How Do I Know if My Drain Is Shared?
Drains are one of the most important components of your household’s infrastructure, but only when they’re blocked or broken do we really appreciate their value.
Serious breakages and blockages are, in most cases, extremely rare. But if you do experience drainage problems, it’s crucial to know whether you have a shared drain or are solely responsible for it.
In this article, our experts explain how you can find out if you have a shared drain and, if so, who’s responsible for repairs and maintenance.
How Do I Know if I Have a Shared Drain?
Your home is connected to the sewers by a network of drains and pipes which allow waste to be ejected from your bathroom, toilet and shower before being discharged into the local sewer system.
If your property is connected to a private sewer or other waste disposal system, such as a sewage treatment plant or septic tank, the homeowner will be solely responsible for any private drains. If you’re renting, it’s the landlord’s job to maintain and repair any private drainage solutions that are in place to dispose of household waste, be they private drains connected to public sewers or self-contained off-mains drainage systems.
In most scenarios, a home will be connected to the public sewer systems, rather than to a private system. This is where drains are most commonly shared. The best way to find out if your property is connected to the public sewer system is through a drain survey.
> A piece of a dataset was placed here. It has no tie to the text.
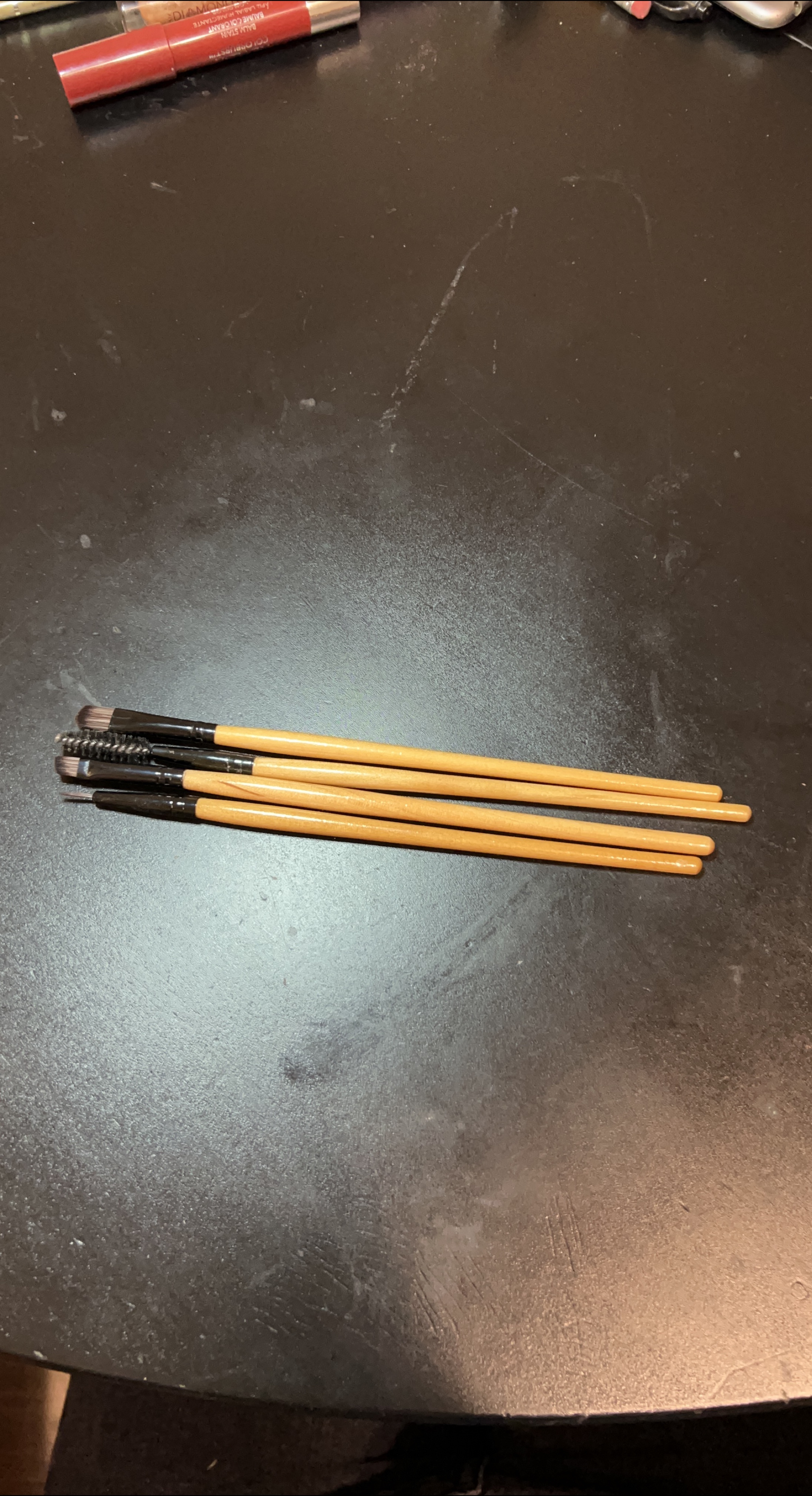 Makeup Brushes thumbnail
Professionals can look at the system in place, contact the local council and water suppliers, and inspect sewer maps to establish which drains are shared and which drains are your responsibility.
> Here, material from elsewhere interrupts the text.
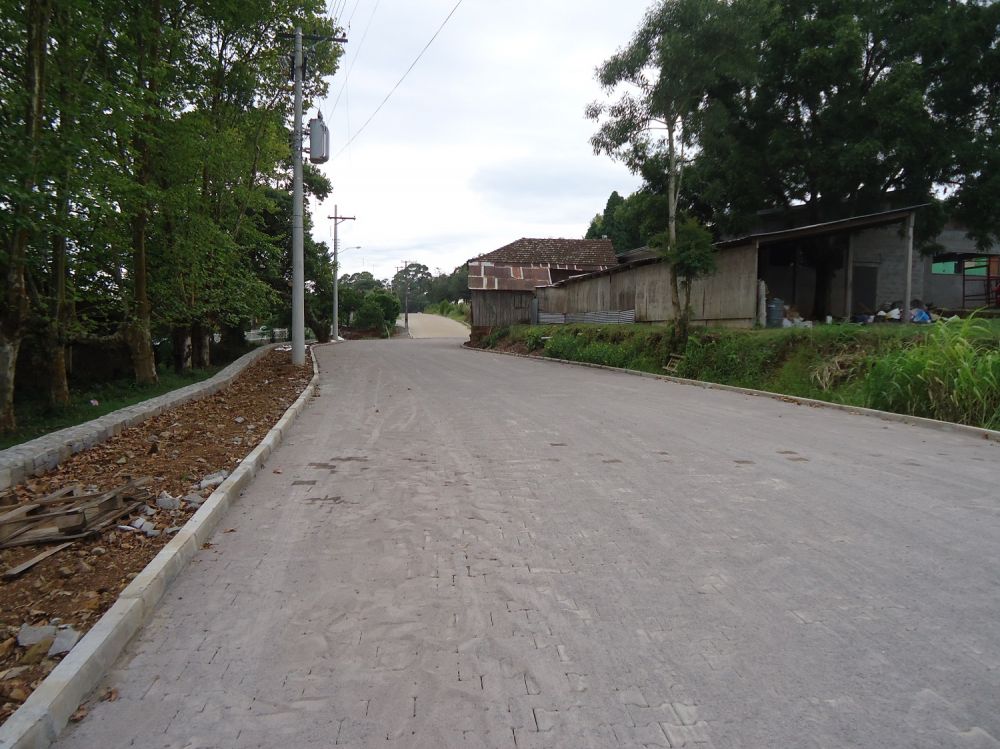 Concluída pavimentação de trecho entre Borghetto e Linha Baú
In some cases, a shared drain can also exist in a private capacity. This happens when the shared drain hasn’t been taken over by the local council or water authority, often because it’s on private, shared property. This can happen with terraced houses or blocks of flats. Again, a drain survey can help you to establish whether you’re connected to private shared drains or public shared drains.
Why Might You Have a Shared Drain?
Shared drains exist for a number of reasons and are particularly common in built-up urban areas where there’s lots of housing connected to local sewer systems. Private drains often connect to public shared drains, creating a dense network of pipes and drains in a small area.
For example, shared drains often run along the entire length of a street. Each house on the street has its own pipes and drains, which directly connect the property to the central shared drain. Waste is discharged from your home and makes its way to the shared drain. From here, it’s eventually ejected into public sewers, before making its way to a public sewage treatment plant to be broken down.
Shared drains essentially exist to allow for a higher drainage capacity and to allow for economical shared sewer facilities, which is particularly important in ever-expanding towns and cities.
Who’s Responsible for a Shared Drain?
Public shared drains, such as a pipe connecting a row of houses on the street, are often the responsibility of the local water authority. They commonly own these shared drains, so if a problem arises in the shared pipes, such as blockages or breakages, it’s the water authority’s job to fix it.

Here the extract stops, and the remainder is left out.